BLACKFOOT– The weather has been treacherous for many people in the area. A lot of individuals commute to their jobs and when the weather pounds the area: slide offs and crashes abound. Many tire services get busier during the first snowfall, and it keeps up until the snow season is over. There are a lot of people who are unaware of the differences between all-weather tires and snow tires. Here’s a helpful guide:
All-Season Tires: Vehicles leaving the factory are usually outfitted with all-season tires. The reason is because the tires provide a quiet ride, solid tread and relatively good fuel economy.
They are designed for driving on wet roads and through light winter storms. One might think that it would provide the best performance, but this is untrue. All-season tires do not provide the same extreme grip and handling of a summer tire. This isn’t the same with winter conditions and ice.
Overall, all-season tires are great options for drivers in moderate climates. In other words, they would only be good for half of the most recent winters in Southeast Idaho.
Winter/Snow Tires: Summer tires stiffen when the temperatures get colder, and the tread begins to lose its necessary traction. Winter tires are designed with a different rubber compound: which keeps them nice and flexible, with the added ability to grip the road better. The tread patterns in snow tires are vastly different than the summer and all-season tires. They are designed to channel snow and expel slush and muck to the outside of the tires.
There are snow tires with studs, which help dig into the icy treacherous roads.
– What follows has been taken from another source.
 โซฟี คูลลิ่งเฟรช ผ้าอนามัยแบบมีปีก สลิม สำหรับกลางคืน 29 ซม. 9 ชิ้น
This year there has been a lot of black ice on the roads and if one travels consistently, it is recommended to get the studded tires after the first glimpse of snow.
Choosing a tire ultimately depends on what conditions one drives in. If one is constantly on the roads and drive over mountains, it is recommended to get snow tires. It is recommended to check with the highway department (depending on where one travels) because some studded tires are outlawed in certain areas.
If on is in an area and gets a few flurries and don’t have to climb hills, it is recommended to keep on the all-season tires. If one decides to do this and ends up in an icy spot, chains can be a big help and one can keep them in the car when not in use.